She used this background to baffle the mind of Lennon. At the least Lennon was a very unsophisticated young man from what in America would be considered the boondocks. Bad enough that he grew up in a cultural but vital backwater but barely out of high school he and his band were immersed in the criminal underworld of Hamburg. They were at one point under the protection of the master criminal of Europe. This in some of your most impressionable years.

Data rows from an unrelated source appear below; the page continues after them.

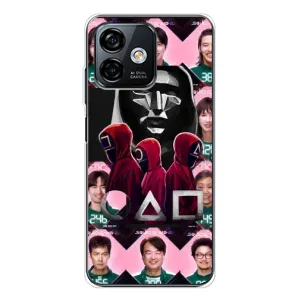 Чехол Гра в кальмара для Ulefone Note 16 Pro (Участники Игра кальмара)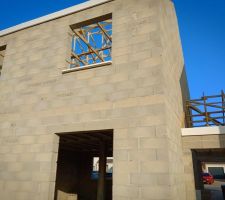 Charpente : Vue façade derriere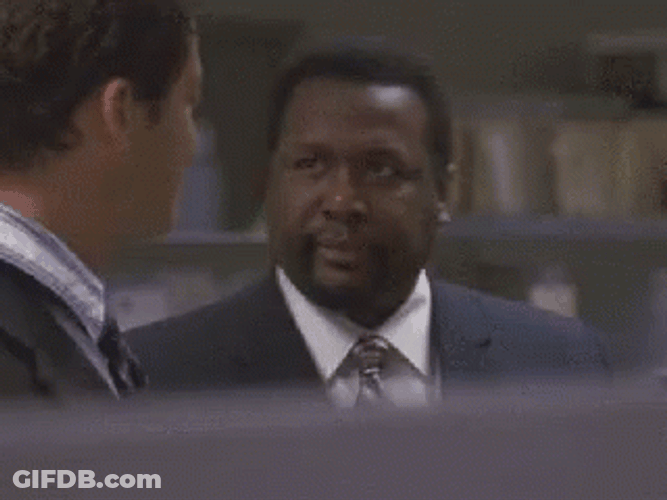 The Wire Bunk Moreland Headshake GIF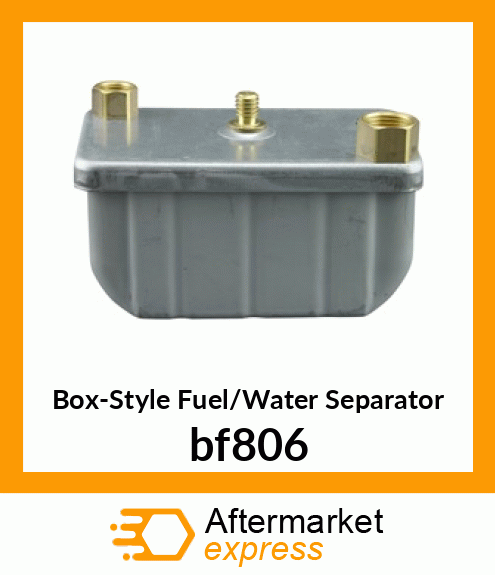 Box-Style Fuel/Water Separator bf806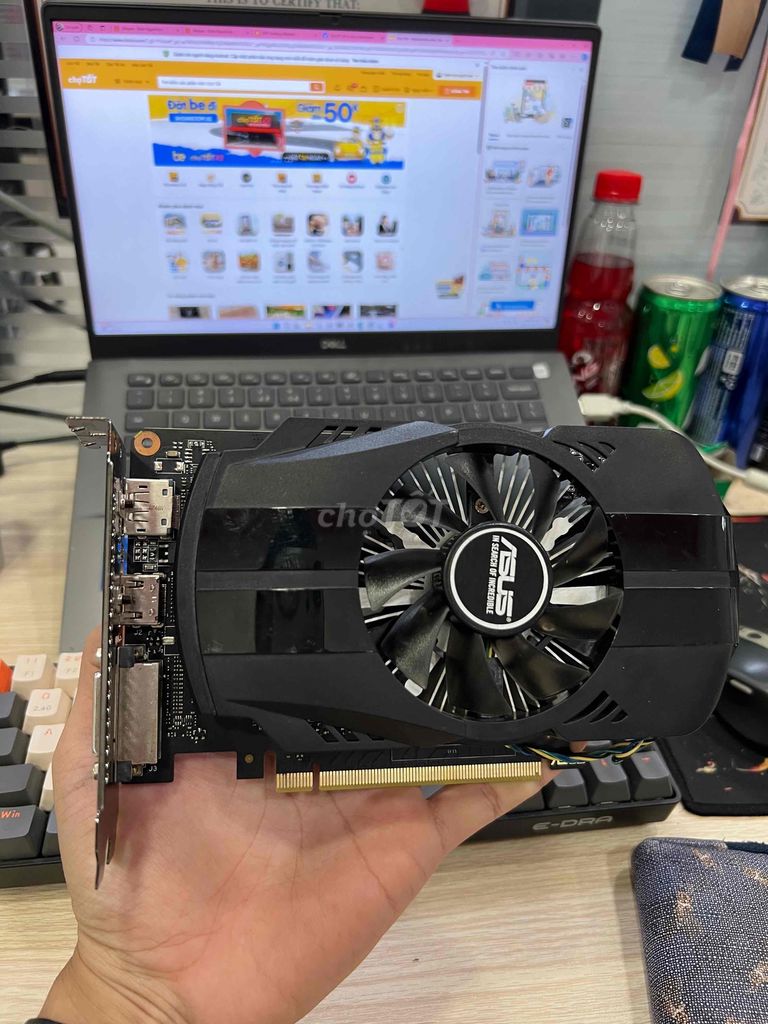 Vga 1050ti 4gb asus đẹp keng thanh lý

So, in comparison with Yoko Lennon felt insignificant. As he said Yoko had all these attributes while what did he have- nothing. Lennon had actually achieved the impossible but he had very low self-esteem. Like many musicians he longed for recognition but was terrified of actual success. Unlike some bands who can’t get beyond the rehearsal stage Lennon had the drive and ability to realize his stated goal, to be ‘the toppermost of the poppemost.’ He probably didn’t believe he’d ever make it but when that goal had been reached, in spades, he began to falter not believing his success was deserved. The first step in rejecting his role was the abandonment of touring. He then sank into a fairly severe depression not unlike that between 1975 and 1980. Whether he might then have scotched his role, his intent was aborted by the drive and ambition of partner Paul McCartney who having reached the toppermost of the poppermost intended to stay there, make a career of being no. 1 if possible. Any conflicts are secondary to Lennon’s feeling of unworthiness. That was the rock on which the Beatles broke.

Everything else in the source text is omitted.